José González, University alum and founder of Latino Outdoors, spoke in the Samuel T. Dana Building on Wednesday afternoon about the importance of cultural diversity in outdoor spaces. About 150 people attended the event, which the Office of Diversity, Equity and Inclusion hosted as part of the Martin Luther King Jr. Symposium.

González began by sharing statistics from the Outdoor Industry Association on what percentages of communities of color show an interest in hiking. In the OIA report, 45 percent of the surveyed Hispanic population expressed interest in hiking, while only 19 percent of the surveyed Black population did. 

However, when individuals were asked if they were interested in walking outdoors, the percent of the Black population who showed interest rose to 55 percent. González explained the discrepancy comes from phrasing, saying that each question can be regarded differently depending on the cultural context.

“What is the difference between walking outdoors and hiking?” González said. “It comes down to what the space is that you are entering, where hiking has been defined as a specific activity and by who, wearing what, doing what, compared to walking outdoors.”

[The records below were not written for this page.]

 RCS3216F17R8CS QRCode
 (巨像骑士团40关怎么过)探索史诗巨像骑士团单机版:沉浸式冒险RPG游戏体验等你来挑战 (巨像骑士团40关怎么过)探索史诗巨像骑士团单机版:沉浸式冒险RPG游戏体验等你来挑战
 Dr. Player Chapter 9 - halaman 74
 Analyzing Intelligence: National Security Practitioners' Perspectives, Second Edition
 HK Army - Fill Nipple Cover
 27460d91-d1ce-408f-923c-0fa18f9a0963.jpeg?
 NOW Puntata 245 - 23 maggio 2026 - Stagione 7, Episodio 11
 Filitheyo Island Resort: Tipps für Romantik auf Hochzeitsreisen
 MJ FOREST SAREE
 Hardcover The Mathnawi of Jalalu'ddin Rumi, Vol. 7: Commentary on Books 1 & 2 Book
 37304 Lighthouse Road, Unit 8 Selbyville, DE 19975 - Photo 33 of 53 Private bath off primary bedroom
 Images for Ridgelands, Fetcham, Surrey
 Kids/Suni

When he was still a student at the University, González said the School for Environment and Sustainability students frequently discussed whether communities of color cared about the environment. 

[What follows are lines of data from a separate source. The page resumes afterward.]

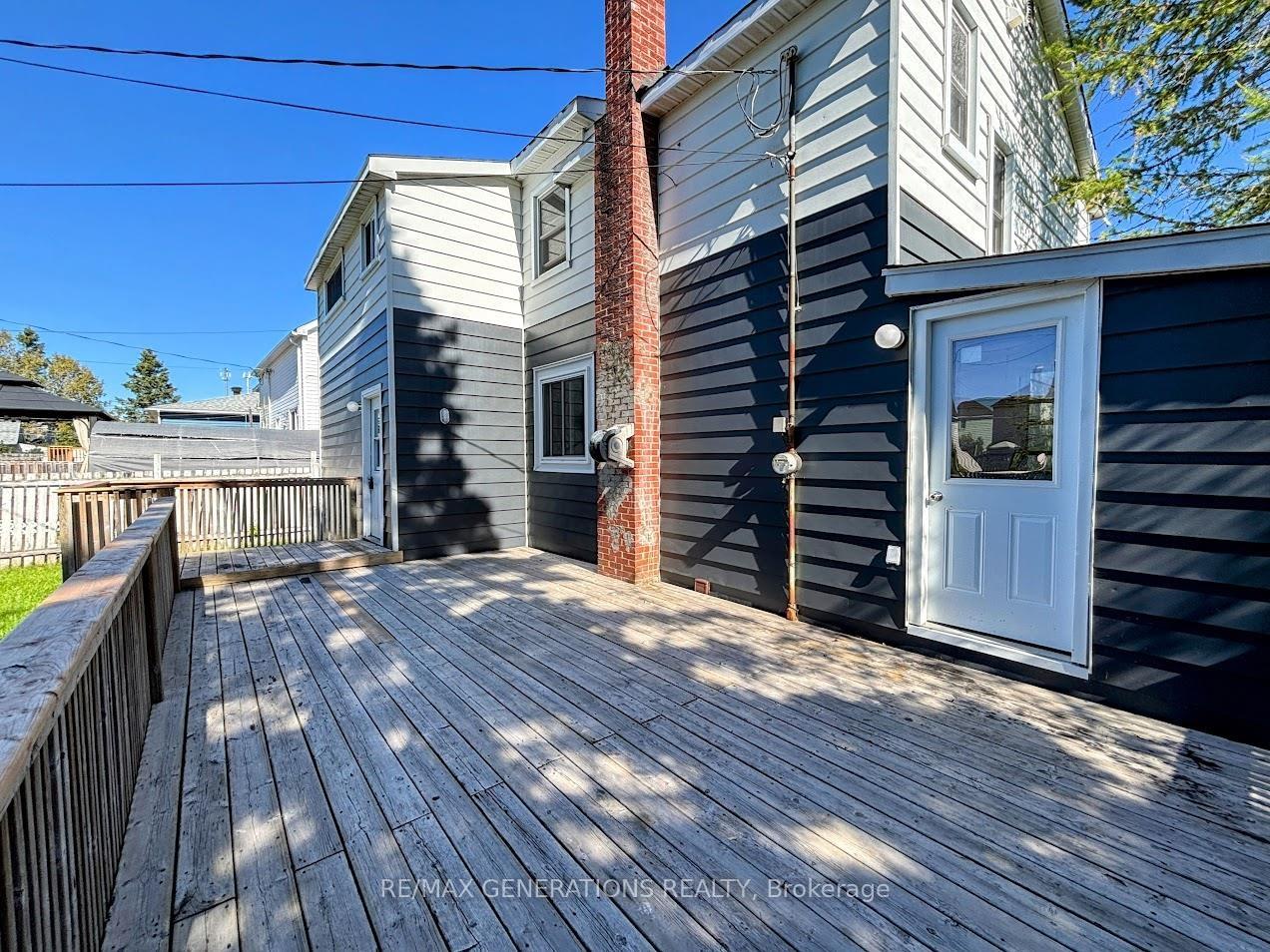 Photo 35 of 24 Stevens Avenue, Marathon — HOMEH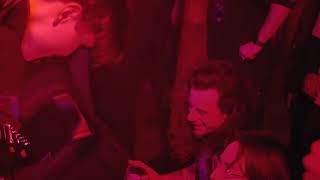 Arm&#39;s Length @ The Mansion [Kingston, ON - March 1st, 2020]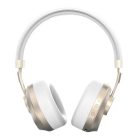 Vezeték nélküli fejhallgató BLUE STAR BH02 fehér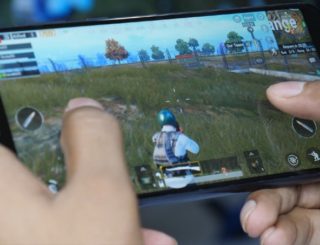 PUBG: Teenager hospitalized with brain clots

“Thankfully, we’ve moved on from this question,” González said. “It has changed from do (they care) to how.”

GreenLatinos, another coalition founded by González, focuses on policy work in Washington, D.C. According to González, the organization’s studies found that many populations of color expressed a greater level of concern about climate change than the overall population in America on issues such as reducing smog and increasing alternative energy sources.

González also discussed the concept of decolonization, noting people should be careful about how the term is used and what it is used for.

“For me, it is not a word I want to just throw around because I hear it and don’t quite understand it,” González said. “For example, ‘decolonize your school, decolonize your thinking, decolonize your syllabus, decolonize your diet.’ Let’s be careful how we use that because as important as our goals may be, if we are really arguing to decolonize something, what that means is give stolen land back.”

Ann Arbor resident Kelsey Dovicl said she does similar work to González and has collaborated with nonprofits in the past to provide intercultural and outdoor education to people from marginalized communities.

She expressed her concern for some of the outdoor conditions faced by people of marginalized identities, such as Roma people she worked with last year in Madrid, Spain.

“It was an interesting thing to look at because having a nomadic history there, their cultural group had a really unique and personal tie with the land, but then, having to see the contrast of that since most Roma in Madrid live in slums,” Dovicl said. “They are still camping out in the fields around the city.” 

Amanda Farthing, SEAS and Engineering graduate student, said González’s point about how nonprofits should prioritize making tangible, positive change fit with her experience working at the nonprofit The Rocky Mountain Institute.

“One key difference to me is that people I’ve worked with have been largely mission-driven and that definitely changes the work culture and the type of work that people are excited to do,” Farthing said. “It’s less about growth and more about what are the levers that we can turn to actually enact change.”